Peneliti B2P2VRP Salatiga, Aryani Pujiyanti, mengatakan, implementasi program 3M plus tidak boleh ditinggalkan. Program itu mencakup menguras dan menutup penampungan air, mengubur sampah, serta menyikat dinding penampungan air agar tidak ada telur nyamuk yang menempel.
”Membunuh nyamuk Aedes sama dengan menghilangkan setidaknya tiga penyakit, yaitu DBD, chikungunya, dan zika. Ketiganya umum terjadi di Indonesia,” kata Aryani.
Inovasi untuk mengeliminasi telur dan jentik nyamuk pun dilakukan. B2P2VRP Salatiga mengembangkan Larvinano, yaitu larvasida nabati pembunuh jentik. Ada pula Biolaras yang dibuat dari bakteri Bacillus thuringinesis.
Mereka juga mengembangkan kertas insektisida (insecticide impregnated paper). Kertas itu digunakan untuk memeriksa apakah nyamuk di suatu wilayah resisten terhadap insektisida atau tidak. Selama ini, kata Bagus, Indonesia kerap mengimpor kertas ini dari Malaysia.
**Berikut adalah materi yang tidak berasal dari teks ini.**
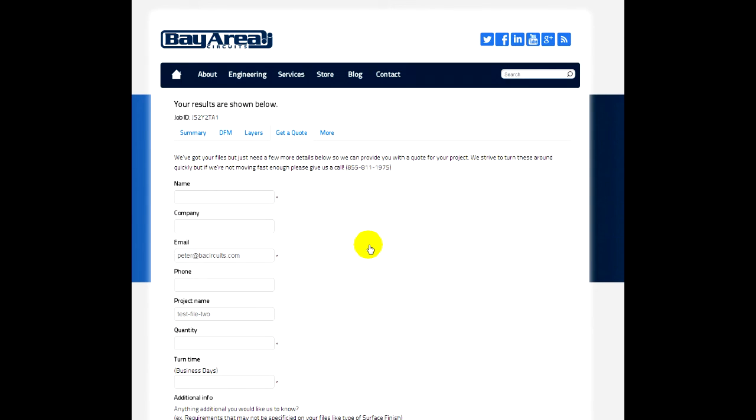So again, if you have any questions about your submission, please give us a call at 855-811-1975. Or you can contact us through our website at bayareacircuits.com.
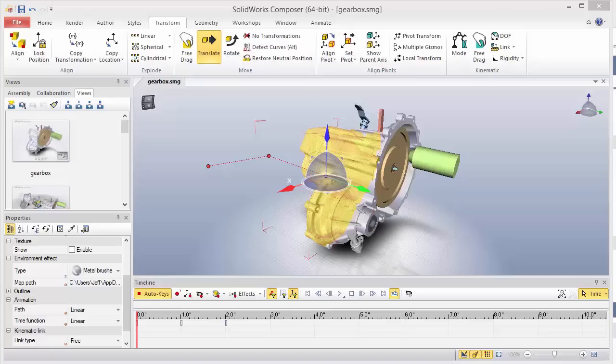Hi, this is Jeff Jensen with Co-Engineers Tech Support, and in this quick tip video I'm going to show you how to transform an animation path in SOLIDWORKS Composer.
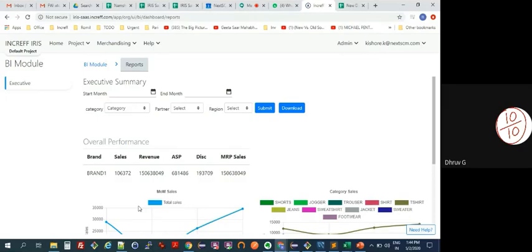The respondent expresses that if the tool can accurately predict as claimed, it will save a lot of hassle and allow the team to focus on the core aspects of the business, rather than micromanaging small issues that arise from manual assumptions. They describe being fascinated by what they've seen.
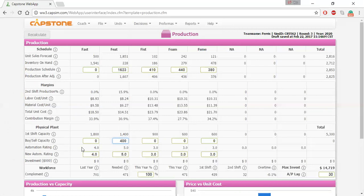The third decision is automation. Automation can substantially reduce your cost of production by reducing your labor cost. Each one-unit increase in automation reduces your labor needs by 10 percent. With an automation rating between 1 and 10, going from a 1 to a 10 would reduce your labor needs and subsequent costs by around 90 percent.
”Kertas ini untuk mengecek resistensi nyamuk dewasa (terhadap insektisida). Jika kematian nyamuk yang dites di bawah 80 persen, artinya mereka resisten insektisida,” kata peneliti B2P2VRP Salatiga, Sri Wahyuni Handayani.
Pengendalian populasi nyamuk diperlukan agar tidak terjadi lonjakan penyakit, terlebih kejadian luar biasa (KLB). Menurut data Kementerian Kesehatan, ada 20.290 kasus demam berdarah dengan 171 kematian hingga minggu ke-27 tahun 2021. Pada periode sama 2020, ada 71.633 kasus dengan 459 kematian.
Sebelumnya, Direktur Pencegahan dan Pengendalian Penyakit Tular Vektor dan Zoonotik Kementerian Kesehatan Didik Budijanto mengimbau masyarakat agar waspada terhadap demam berdarah. Pendampingan di daerah dengan tingkat endemi tinggi akan terus dilakukan.
”Kami selalu mengingatkan masyarakat dan pemerintah daerah agar selalu waspada akan DBD. Meski dalam kondisi pandemi, demam berdarah tetap menjadi ancaman,” katanya (Kompas.id, 2/8/2021).